O princípio é o mesmo: não. Ou “é muito difícil”. “Pode colocar-se a questão, mas é muito difícil provar-se em que casos houve manipulação derivada do facto de o processo ter ido para as mãos daquele juiz e não de outro”, diz Ricardo Sá Fernandes. Em causa está o facto de o oficial de justiça Otávio Correia estar a ser acusado de ter viciado sorteios, adulterando a escolha supostamente aleatória dos juízes para determinados processos.

De acordo com o secretário-geral da Associação Sindical dos Juízes, João Paulo Raposo, é preciso provar que “houve nulidade” para o processo poder ser posto em causa — e mesmo assim não é garante de que o processo caia e seja anulado. É que, no sistema judicial norte-americano quando se descobre uma nulidade num processo, “vai tudo abaixo”, mas isso não acontece no sistema judicial português:

“As nulidades são apreciadas individualmente, e é preciso ver o que é afetado no processo por um determinado passo ter sido considerado nulo”.

Para o juiz, é pouco provável que se consiga provar que houve um “vício na distribuição”, e que isso “inquinou o processo desde a base”. Ou seja, isso pode servir como argumento para um advogado, mas não é provável que a decisão recaia sobre a anulação dos processos.

Rui Rangel vai continuar como juiz durante o inquérito? Quem o avalia?

Para já, sim. Cabe ao Conselho Superior da Magistratura abrir um processo disciplinar, sendo essa via totalmente autónoma do processo criminal. Mas o CSM só o deverá fazer quando for formalmente notificado do processo pelo Ministério Público. “Face a indícios públicos fortes, o Conselho Superior da Magistratura pode abrir um inquérito disciplinar, e é altamente provável que o faça”, diz ao Observador o presidente da Associação Sindical dos Juízes, João Paulo Raposo.

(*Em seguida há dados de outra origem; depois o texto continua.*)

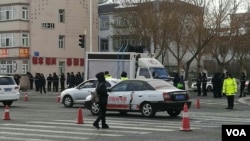 2017年2月16日,大庆警察封锁路口,防止人群聚集。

“Se quiser, o Conselho Superior da Magistratura pode abrir o processo disciplinar já hoje”, acrescenta, sublinhando o mediatismo do caso e o seu peso na opinião pública.

Mas, explica fonte judicial ao Observador, “a única entidade que tem conhecimento do processo é o titular de ação penal, isto é, o Ministério Público e o juiz de instrução que acompanha o processo”. Por isso, o Conselho Superior da Magistratura só deverá tomar uma decisão apenas depois de o MP o notificar, e depois de o juiz de instrução ouvir o arguido e decidir quais as medidas de coação a aplicar. O juiz Rui Rangel e a ex-mulher, a também juíza desembargadora, Fátima Galante, vão ser ouvidos no dia 8 de fevereiro pelo Supremo Tribunal de Justiça. Em todo o caso, acrescenta o juiz João Paulo Raposo, “qualquer juiz pode ser suspenso de funções se se entender que, por via da investigação criminal, há perigo de continuação da atividade criminosa enquanto decorre o processo”.

Certo é que é sempre o Conselho Superior da Magistratura que avalia a sua atuação enquanto juiz, do ponto de vista disciplinar.